I have become obsessed with the Fibonacci sequence in Haskell. Let’s look at one last implementation I found on the “Let vs. Where” page and I swear I won’t talk about Fibonacci any more.

fibFast3 :: Int -> Int
fibFast3 = (map fib' [0 ..] !!)
             fib' 0 = 0
             fib' 1 = 1
             fib' n = fibFast3 (n - 1) + fibFast3 (n - 2)

I like this implementation the best out of all the implementations so far. I don’t think this implementation is the fastest, but I think it is a good mix between fast and readable. Let’s break down the first line of this function.

(map fib' [0 ..] !!)

  • map is the traditional map function. map takes a function and a “list” and applies the function to the list. Keep in mind map is lazy and once a value has been caculated it remembers the result.
  • fib' is our mapping function. fib' is defined just like the simple/slow Fibonacci definition from my first post about Haskell Fibonacci numbers. This simple definition is what I like the most.
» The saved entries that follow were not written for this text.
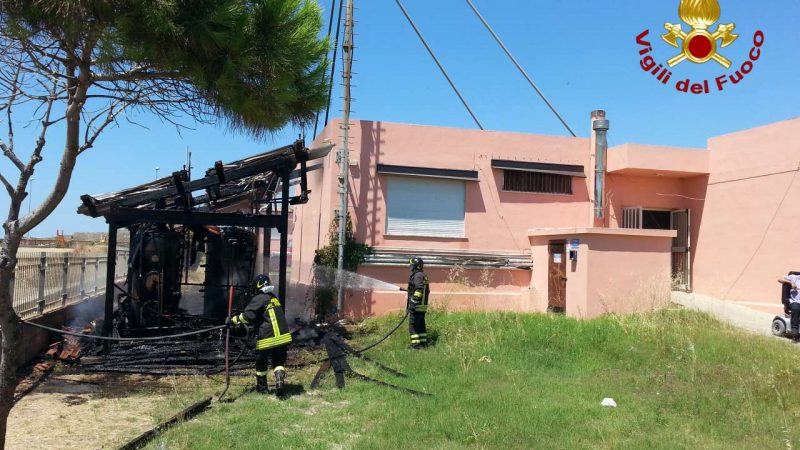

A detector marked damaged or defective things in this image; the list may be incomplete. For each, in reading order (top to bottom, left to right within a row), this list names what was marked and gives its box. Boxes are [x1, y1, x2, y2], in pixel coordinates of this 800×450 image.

burned structure [77, 141, 332, 338] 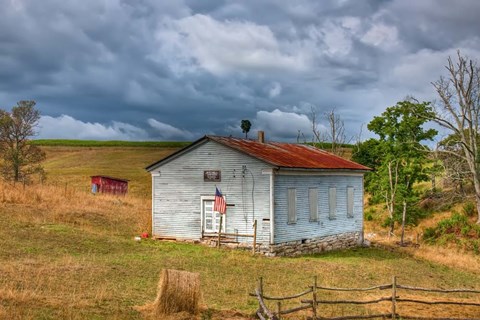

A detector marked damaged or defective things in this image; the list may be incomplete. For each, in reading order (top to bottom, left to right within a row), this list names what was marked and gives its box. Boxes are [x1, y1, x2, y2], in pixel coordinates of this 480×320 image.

rusty metal roof [208, 135, 370, 170]
red rust patch on roof [208, 135, 370, 170] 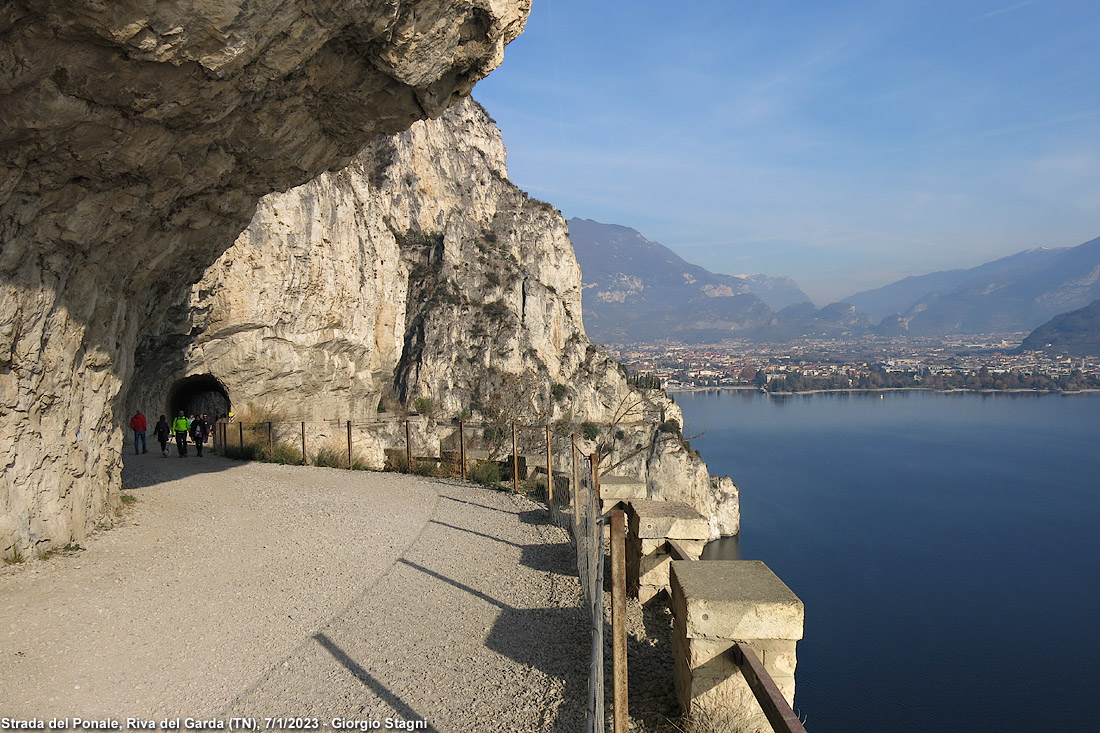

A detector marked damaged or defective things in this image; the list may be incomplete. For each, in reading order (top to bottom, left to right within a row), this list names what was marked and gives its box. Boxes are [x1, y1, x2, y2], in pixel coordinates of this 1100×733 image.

rusty metal fence post [611, 508, 629, 730] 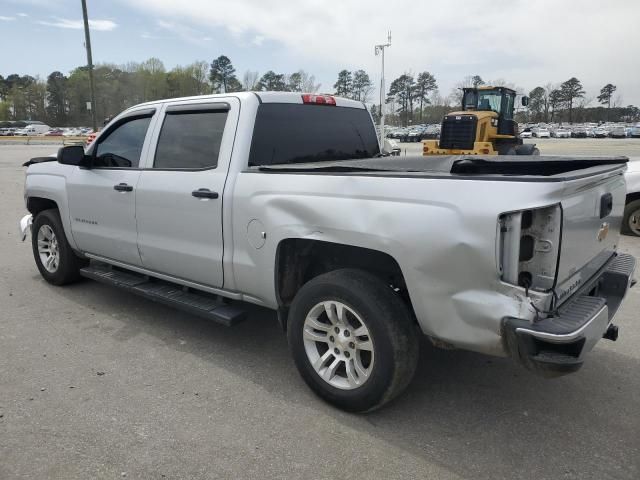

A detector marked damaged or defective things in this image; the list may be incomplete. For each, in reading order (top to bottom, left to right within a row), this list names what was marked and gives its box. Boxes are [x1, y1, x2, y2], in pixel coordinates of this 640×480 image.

dented bumper [504, 253, 636, 376] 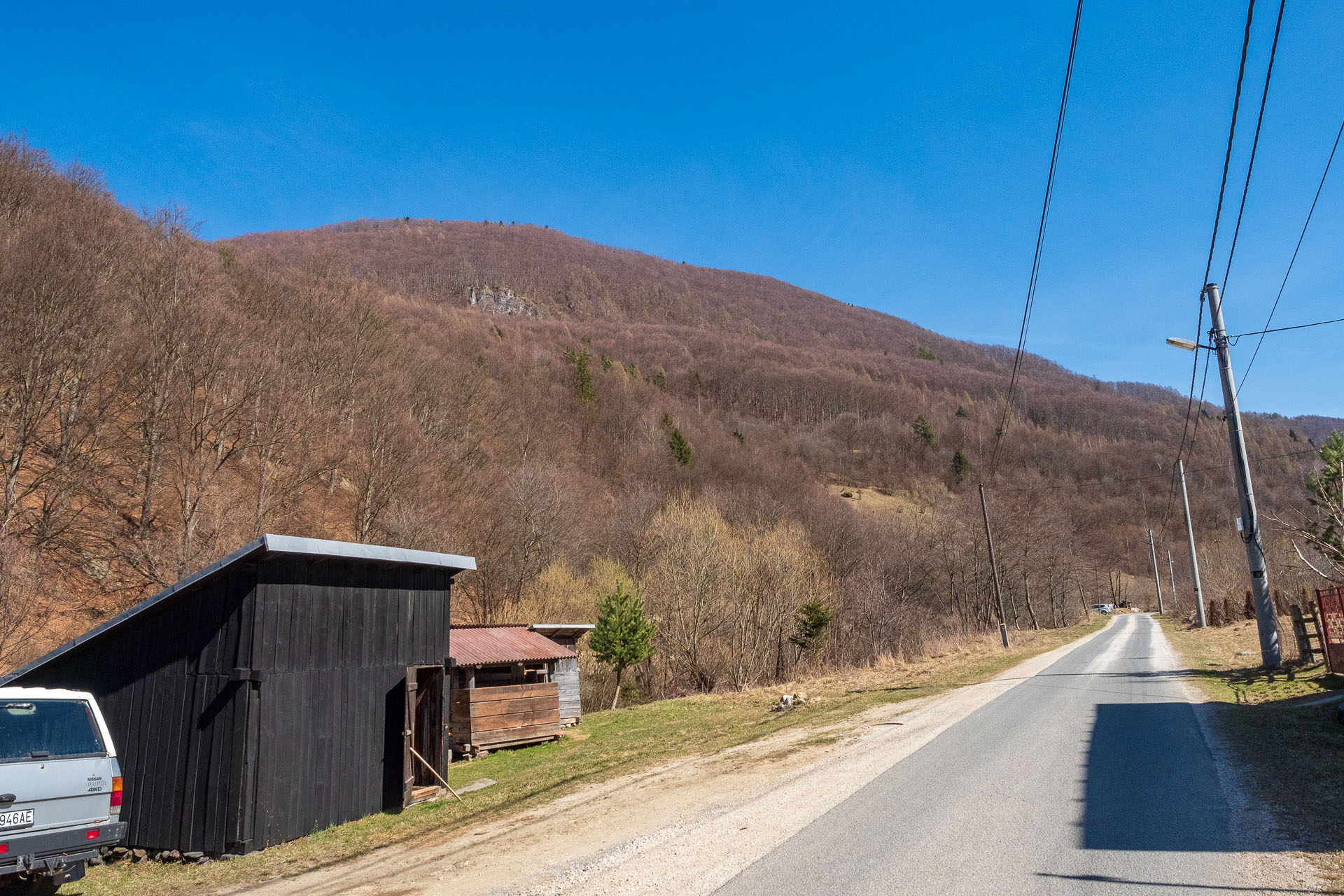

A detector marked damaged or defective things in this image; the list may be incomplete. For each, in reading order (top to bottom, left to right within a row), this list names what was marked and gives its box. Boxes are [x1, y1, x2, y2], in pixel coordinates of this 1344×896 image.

rusty corrugated roof [451, 629, 578, 668]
It doesn’t require any knowledge of Haskell to understand.
  • [0 ..] is our lazy infinite number sequence.
  • !! is our “get” function for lists. [1, 0, 4] !! 0 => 1

To make the whole thing work we need a little currying. That is why we have () around the whole expression. (map fib' [0 ..] !!) returns a function that when given a single integer will “get” that fibonacci number in our fibonacci sequence map fib' [0..].

What do you think? Which one do you think reads the best?